I remember how I felt after the game. We were world champions and we were trying to take stock of what we had just accomplished. It was an important game and the crowd was great. Norway has given us a lot of trouble. It is a team that we had often faced. We had a great rivalry. The Norwegians were good at making us thwart. They played football very different from ours and they mastered their strategy to perfection. They liked to play long, to take advantage of their superiority in the air. We preferred to keep the ball on the ground, in a style close to the tiki-taka. We have played six matches in less than two weeks. We were all exhausted and the game didn’t necessarily keep all of its promises. It was the determination that made the difference. At the final whistle we were ecstatic.
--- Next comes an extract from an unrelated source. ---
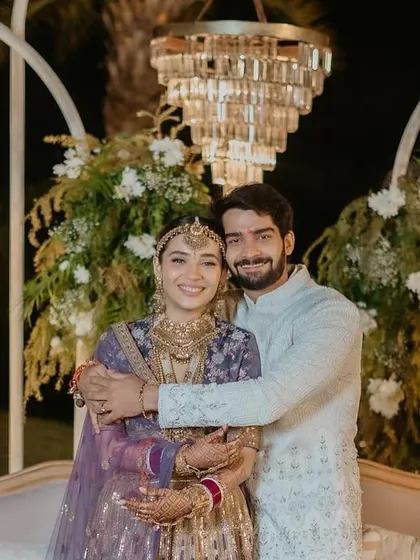 The happy couple at their 'Luxe Garden' reception. The backdrop of lush florals and modern chandeliers created a picture-perfect setting for their celebration.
What did you think of the 2019 edition?
It was great. With us, internationals are always part of the family. It’s very touching. We are all very close to each other. We stayed in touch. I always felt like I was part of the team, even after hanging up the boots. The teams capable of accomplishing what the United States achieved in 2019 can be counted on the fingers of one hand. They had to face very high level opponents. Far from home, they have managed to win in European stadiums, against high quality teams. Above all, they have been able to maintain their level of performance. It is something very difficult. For that, we must avoid injuries and have a group in full possession of its means. There are so many factors that come into play. I am proud to be a part of the history of the American selection and to be associated with this team. Women footballers are making a lot of money these days. They are famous, but they are also heavily criticized for their actions on social media. This environment is very different from the one I experienced in my time. The development of women’s football has brought with it its share of advantages, but also of difficulties.
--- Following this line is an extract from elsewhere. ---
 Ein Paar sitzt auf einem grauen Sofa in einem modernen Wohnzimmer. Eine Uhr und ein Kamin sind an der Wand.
You followed the final of the 2011 Women’s World Cup under very specific conditions. Do you remember?
I worked at the Naval Academy. I was at my desk when my phone rang. The screen indicated “hidden number”. It was the former president of US Soccer, Sunil Gulati. At the time, I was part of the technical commission. He said to me, “Do you want to come see the final? Tomorrow, you board Air Force Two.” My file was validated very quickly because the FBI has a file with my fingerprints, due to my work at the Naval Academy. The verifications did not take long. When we left Washington, there were people from a wide variety of backgrounds aboard the aircraft: Ms. Biden was there, as were Chelsea Clinton and other members of the State Department. What a journey ! You could use your phone, there were films projected on the big screen … But everyone slept during the crossing. I kept asking Air Force members about the plane. It was phenomenal. I was very lucky.
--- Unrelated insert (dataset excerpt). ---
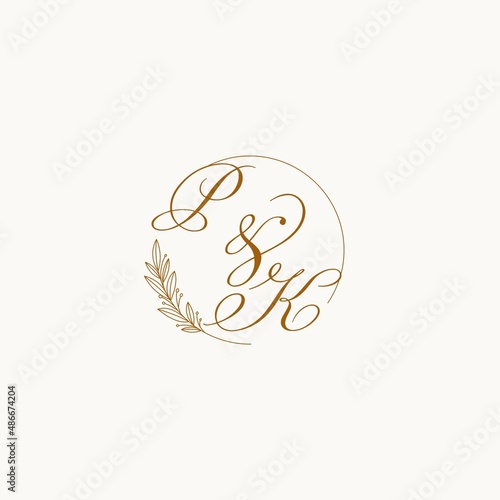 Initials PK wedding monogram logo with leaves and elegant circular lines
Is there an anecdote that stood out for you?
I particularly remember an event that happened just before we arrived at the stadium. Mrs. Biden said to me, “It’s weird, you make it seem like a different person.” I replied: “Obviously! We have a match!” The game was very important to me. It was a World Cup final! Unfortunately, we lost. I was very disappointed. To get back to the hotel, we were divided into three or four limousines. I was in the last one. When we got there, Mrs. Biden walked up to me and asked if we should go visit the players after such a loss. I told him: “Of course. You are the vice-president’s wife. That’s what you are here for.” We went to the players’ hotel and the atmosphere was awful. We don’t like to lose. We walked in and then Mrs. Biden and Mrs. Clinton spoke with the players.
In what areas can women’s football still develop?
I want women to continue to play at their level, to continue to be the best and to have the necessary support, including financial, to stay at this level and have a career in football. In my day, it was unthinkable. I want young girls to continue dreaming, to play with confidence and to feel accepted, to see themselves as athletes and not as female athletes, to be able to practice the sport of their choice, at the level that suits them.